14. Hukuk Dairesi Esas No: 2017/5917 Karar No: 2021/1963 Karar Tarihi: 22.03.2021
Yargıtay 14. Hukuk Dairesi 2017/5917 Esas 2021/1963 Karar Sayılı İlamı
14. Hukuk Dairesi 2017/5917 E. , 2021/1963 K.
"İçtihat Metni"
14. Hukuk Dairesi
MAHKEMESİ :Sulh Hukuk Mahkemesi
Davacılar vekili tarafından, davalı aleyhine 16.06.2015 gününde verilen dilekçe ile elbirliği mülkiyetinin paylı mülkiyete çevrilmesi talebi üzerine yapılan duruşma sonunda; davanın usulden reddine dair verilen 22.10.2015 günlü hükmün Yargıtayca incelenmesi davacılar vekili tarafından istenilmekle süresinde olduğu anlaşılan temyiz dilekçesinin kabulüne karar verildikten sonra dosya ve içerisindeki bütün kağıtlar incelenerek gereği düşünüldü: K A R A R Dava, elbirliği mülkiyetinin paylı mülkiyete çevrilmesine ilişkindir.
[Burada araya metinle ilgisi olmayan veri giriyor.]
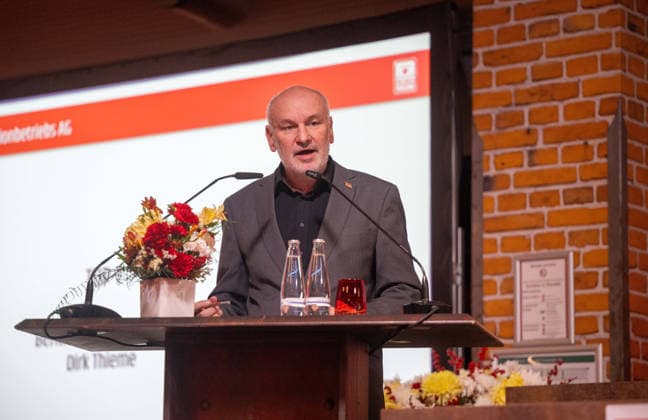 Fußball, Herren, Saison 2025 2026, 1. Bundesliga, 1. FC Union Berlin, 14. Ordentliche Hauptversammlung der An der Alten Försterei Stadionbetriebs AG, Oskar Kosche (Vorstand Stadionbetriebs AG), 26.11. 2025, Copyright: xMatthiasxKochx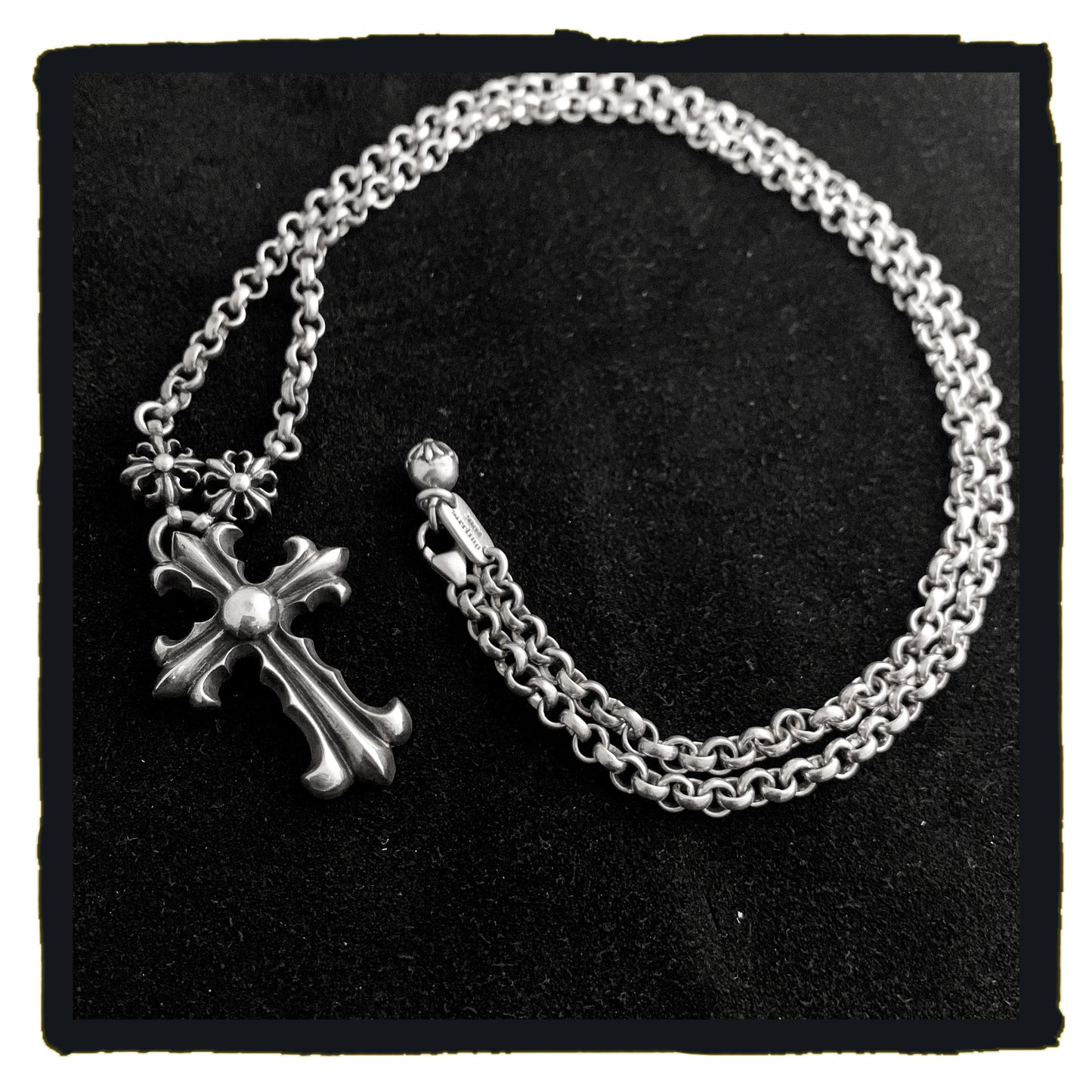 01-N0023B - starry charms necklace - Fancy Cross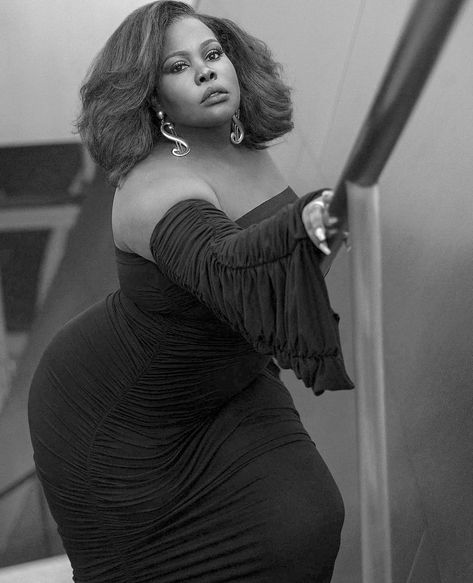 Revive Me Jl Seegars, Amber Riley Photoshoot, Long Dress Photoshoot, Chubby Girl Fashion, Plus Size Photography, White Pic, Amber Riley, Curvy Clothes, Plus Size Posing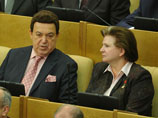 "В Госдуме за меня голосует Валя Терешкова - она же рядом со мной сидит в зале заседаний"
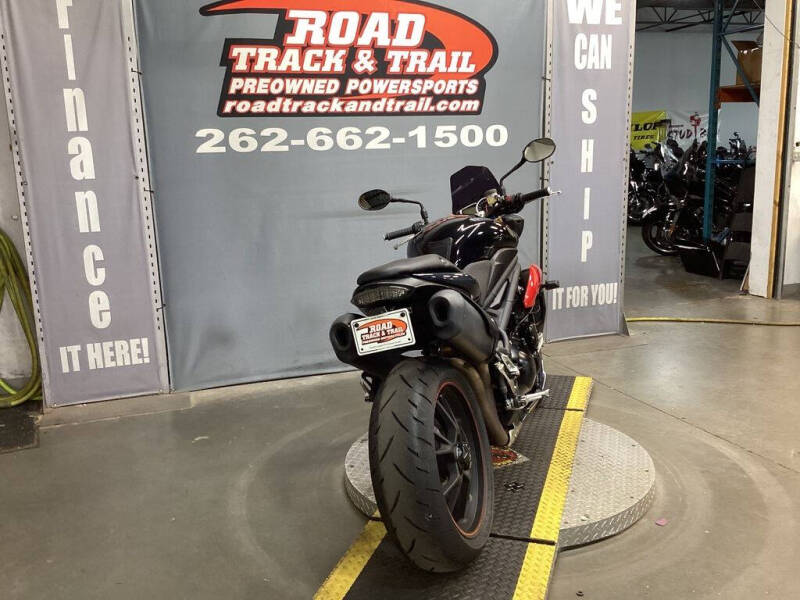 2015 Triumph Speed Triple R ABS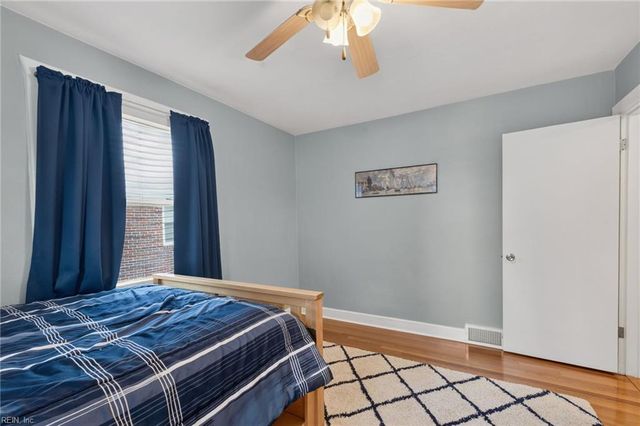 320 24th St Apt 4, Virginia Beach, VA 23451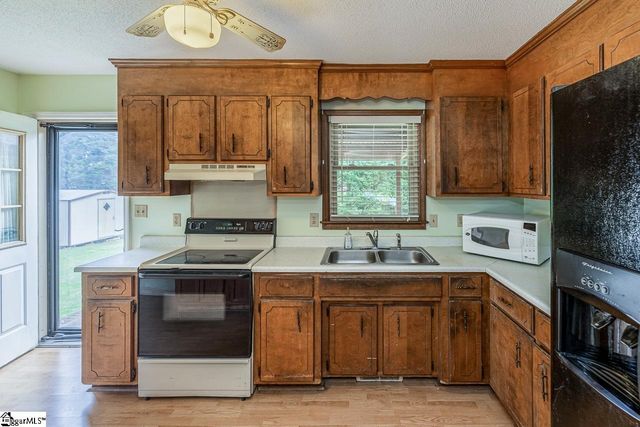 109 Edgewood Avenue, Easley, SC 29640
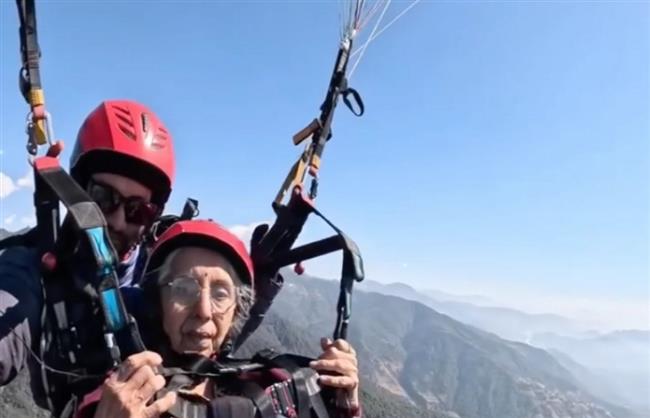 الجدّة المرحة.. هندية تستعرض مهاراتها في الطيران الشراعي بعمر 73 عامًا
Davacılar vekili, ...ili, ... ilçesi, ...129 ada 63 - 80, ...mevki 117 ada 86-82-37-30-28-24, Tozlu mevkii 103 ada 23-1 parsel sayılı taşınmazlarda davacılar ile davalının iştirak halinde malik bulunduklarını belirterek, iştirak halindeki mülkiyetin müşterek mülkiyete dönüştürülmesine karar verilmesini talep ve dava etmiştir. Mahkemece, davanın HMK’nın 114/1-c maddesi delaletiyle 115/2. madde ve fıkrası gereğince usulden reddine karar verilmiştir. Hükmü, davacılar vekili temyiz etmiştir. Mahkemece her ne kadar 5831 sayılı Tapu Kanunu ile Bazı Kanunlarda Değişiklik Yapılmasına Dair Kanunun 8. maddesi ile Kadastro Kanunu’na eklenen ek 3. maddesine göre elbirliği mülkiyetinin paylı mülkiyete dönüştürülmesi işleminde tapu sicil müdürlüğünün görevlendirilmiş olduğundan söz edilerek davanın reddine karar verilmiş ise de, anılan yasa maddesi idari yoldan elbirliği mülkiyetinin paylı mülkiyete çevrilmesine ilişkin olup maddenin ikinci fıkrasında da isteme karşı bir itiraz ileri sürülmediği ya da ortaklığın giderilmesi davası açılmadığı takdirde paylı mülkiyet olarak tescilin yapılabileceği düzenlenmiştir. Somut olayda, davacıların Medeni Kanun’un 644. maddesi gereğince elbirliği mülkiyetinin paylı mülkiyete çevrilmesini istemelerinde bir usulsüzlük bulunmamaktadır. Bu durumda mahkemece davalıya Medeni Kanun’un 644. maddesi gereğince yöntemine uygun dava dilekçesi tebliğinin sağlanmasından sonra işin esasının incelenerek sonucuna göre bir karar verilmesi gerekirken yazılı şekilde hüküm kurulması doğru görülmemiş, bu sebeple kararın bozulması gerekmiştir. SONUÇ: Yukarıda açıklanan nedenlerle davacılar vekilinin temyiz isteminin kabulü ile hükmün BOZULMASINA, peşin yatırılan harcın yatırana iadesine, 22.03.2021 gününde oy birliği ile karar verildi.